Posted: 03 Nov 2009 08:16 AM PST

(CN) - Wyeth Pharmaceuticals will get a new trial on punitive damages in the case of an Arkansas woman who got breast cancer after taking hormone-replacement therapy drugs, the 8th Circuit ruled.
In the late 1980s, Donna Scroggin began taking Upjohn Co.'s estrogen drug, Ogen, and Provera, a progestin drug, for her menopause symptoms. Her doctor switched her to Wyeth's Premarin and Prempro, an estrogen-progestin combination drug.
She was diagnosed with cancer in both breasts in 2000 and had to undergo a double mastectomy and chemotherapy.
Scroggin sued Wyeth and Upjohn, claiming they failed to warn her of the risks of developing breast cancer from their estrogen and progestin drugs.
The trial was divided into two parts: liability and punitive damages. The jury found Wyeth and Upjohn liable and awarded Scroggin $2.75 million in compensatory damages and $27 million in punitive damages.
U.S. District Judge Bill Wilson overturned the punitive damages award in July 2008, saying testimony from Scroggin's expert witness, a former Food and Drug Administration official, "should have been excluded" at trial.
The St. Louis-based appeals court upheld the compensatory damages award and agreed that Upjohn is not liable for punitive damages.
But the three-judge panel also granted Wyeth a new trial on punitive damages.

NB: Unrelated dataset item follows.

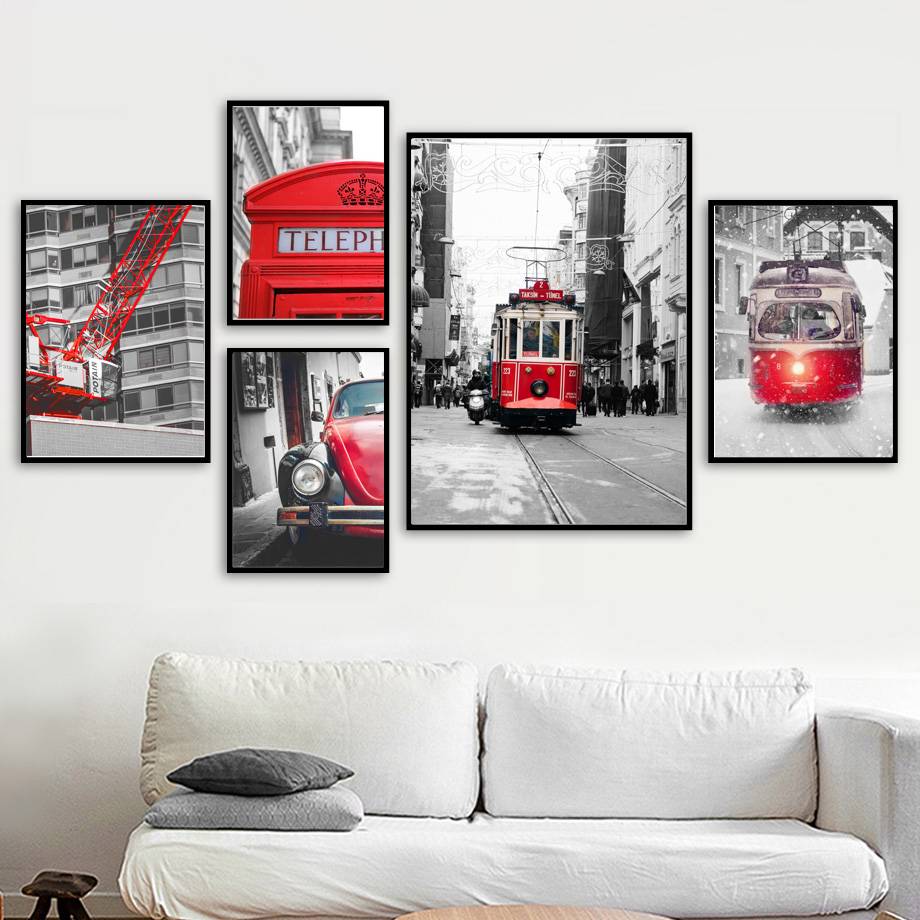 Plakat z kolorem czerwonym w tle - Red Architektura Decorateo.pl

"Scroggin presented sufficient evidence to submit the question of punitive damages to the jury, even without (the expert's) testimony," Judge Wollman wrote.
The court noted that Judge Wilson had thoroughly examined the evidence on a piece-by-piece basis, finding that each piece failed to clearly show reckless indifference.
"[T]his individualized treatment of the evidence may inadvertently have obscured the full scope of Wyeth's conduct that the evidence collectively portrayed," Wollman said. 
The judge added: "A jury could reasonably construe Wyeth's documents as repeated efforts over many years to undermine information and studies that attempted to show a breast cancer link."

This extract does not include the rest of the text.